> [INSTRUCTIONS FOR THE TASK]: Within the lines below, the span from the line with "Pytes Batteriespeicher Lithium" to the line with "XIAOLE Pregnancy Pillow, For", both ends included, is to be reproduced exactly, with pictures omitted.

> [DATASET ENTRIES]:
----------
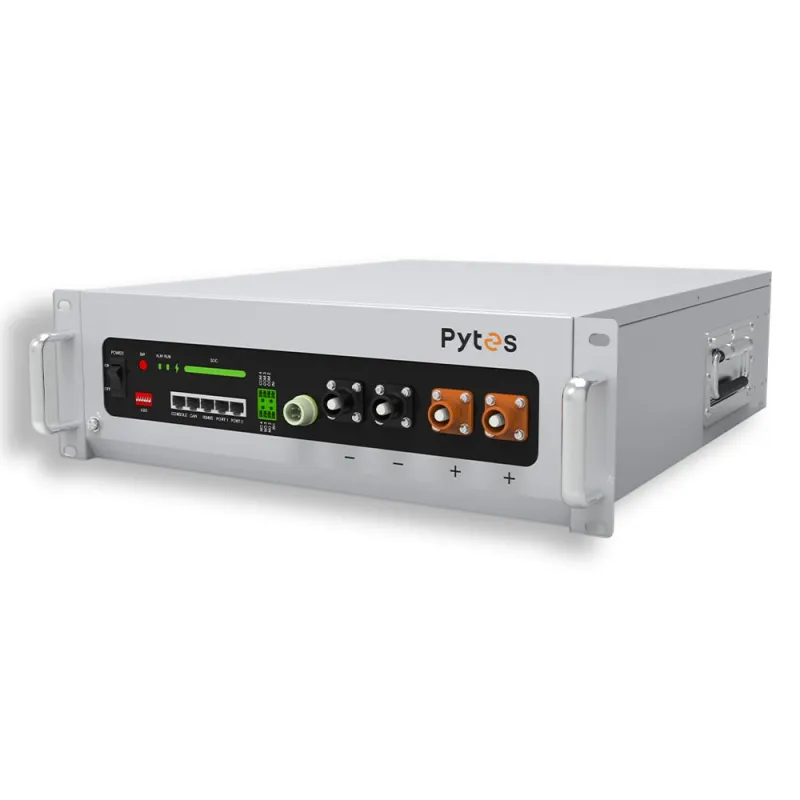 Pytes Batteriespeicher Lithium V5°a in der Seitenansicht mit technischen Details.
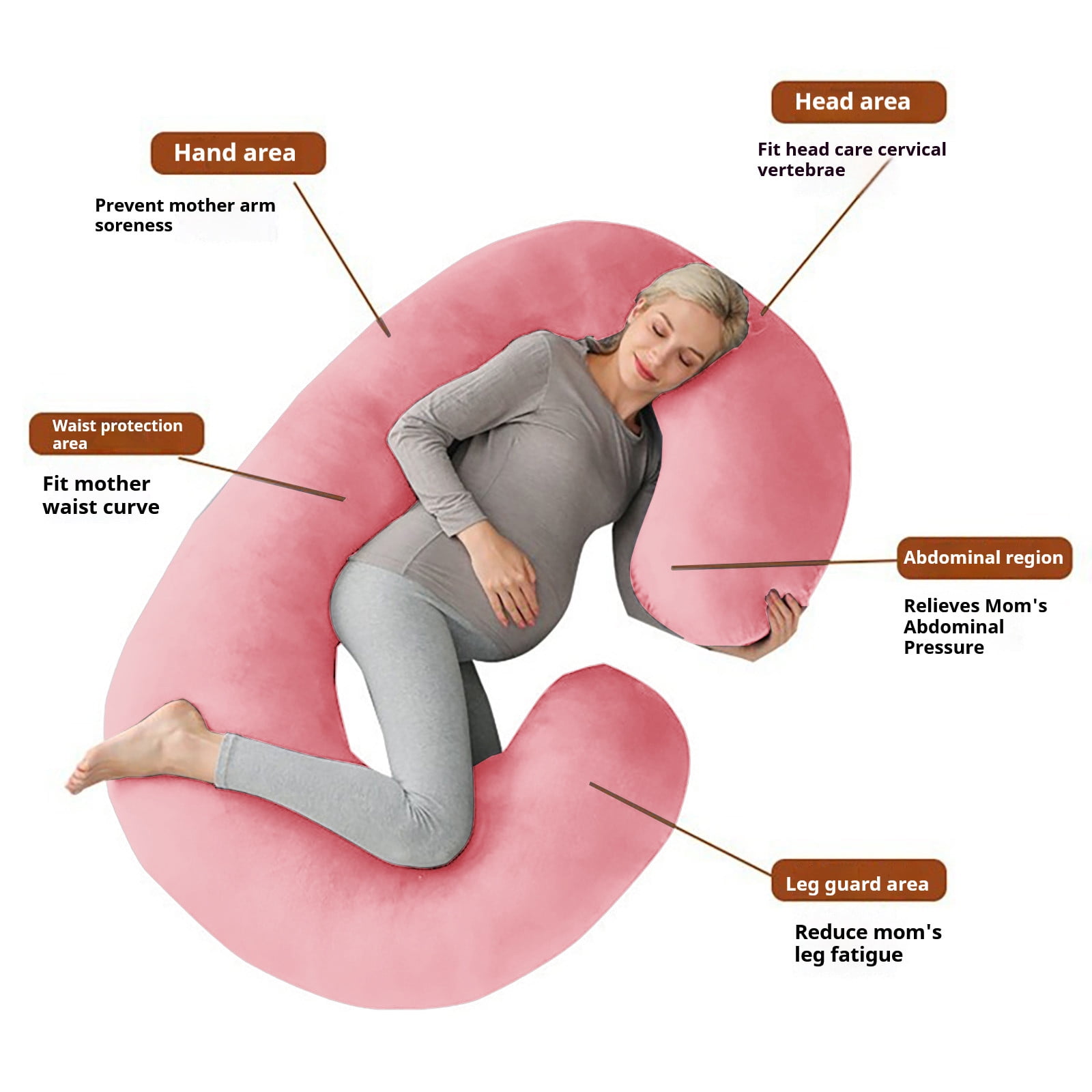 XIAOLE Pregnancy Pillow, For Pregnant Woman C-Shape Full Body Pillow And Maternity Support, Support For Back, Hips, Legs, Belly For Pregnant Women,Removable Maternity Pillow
----------
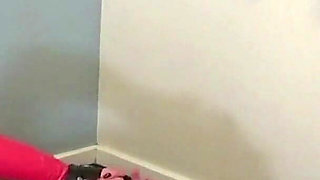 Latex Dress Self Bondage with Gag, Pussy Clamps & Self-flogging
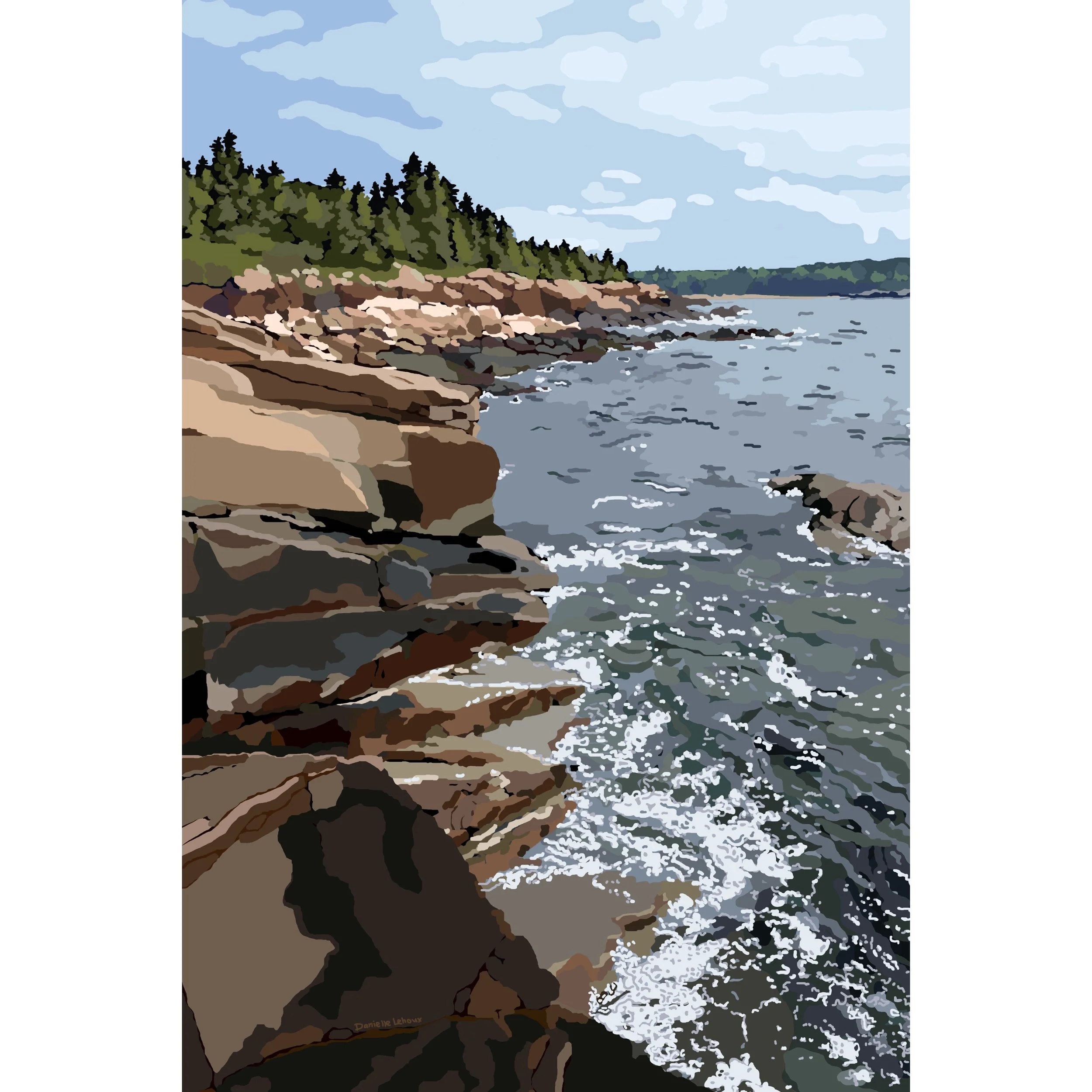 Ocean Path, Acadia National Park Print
----------
> [OUTPUT]:
 Pytes Batteriespeicher Lithium V5°a in der Seitenansicht mit technischen Details.
 XIAOLE Pregnancy Pillow, For Pregnant Woman C-Shape Full Body Pillow And Maternity Support, Support For Back, Hips, Legs, Belly For Pregnant Women,Removable Maternity Pillow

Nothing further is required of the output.